Challenges and expenses
Even with a high percentage considering a future trip, there are things to consider—and even some negative aspects from the experiences, as seen in the results.
When it came to expenses, the largest sums went toward: food and drinks (82%), transportation (72%), housing (66%), entertainment (64%), and sightseeing (24%).

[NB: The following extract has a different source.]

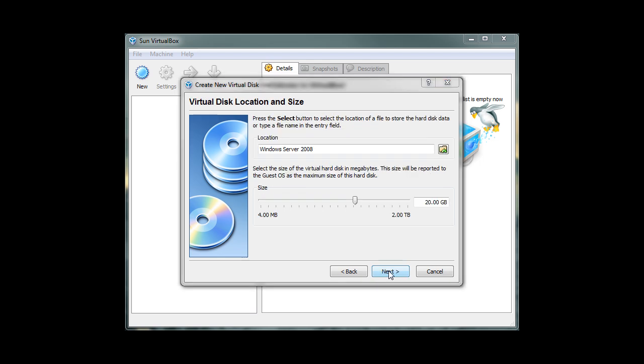Under location box, we can change the folder location of our virtual space by clicking on the yellow folder icon to the right. In our case, we're going to keep it at the default location. Next, we're going to specify the amount of virtual space our virtual machine will use. In our tutorial, we're going to use 20 gigabytes for our virtual space because we want to allow more room for installation purposes.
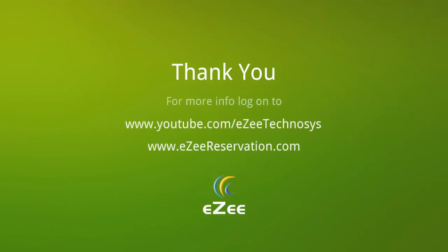For more videos visit our YouTube channel or you can also log on to our website at www.easyreservation.com. We thank you for your time.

A surprising statistic that caught my attention was that 56% of the participants said the experience had a negative impact on their work-life balance. Other challenges included:
- High cost of living (71%)
- Visa and/or work permit issues (54%)
- Tax implications (51%)
- Time-zone differences harming communications (48%)
- Loneliness (18%)
It’s important to remember the separation between the words vacation and workcation. Despite the exotic location, you still should be expected to put in the time required to get your workload done. Expedia’s most recent Vacation Deprivation study showed that 61% of its participants did not consider a workcation to be a “true” vacation, while 78% enjoy feeling “unproductive” during their time away—but at the same time, nearly 50% bring along their work laptops regardless.
The passport-photo.online survey did reveal benefits of workcations, including:
- 86% agreed or strongly agreed that it boosted their productivity
- 83% agreed or strongly agreed that it helped them cope with burnout
- Around 84% found that they were more satisfied with their job
- Nearly 69% claimed they are now less likely to leave their job
While 56% of the U.S. workforce can work remotely—according to stats on workcation.com—and with employers struggling to retain workers during the Great Resignation, the workcation may be something to consider for your agency or brokerage. Look at the pros and cons and bring the idea up to your leaders. Maybe you’ll be dipping your toes in the sand when you send that next email.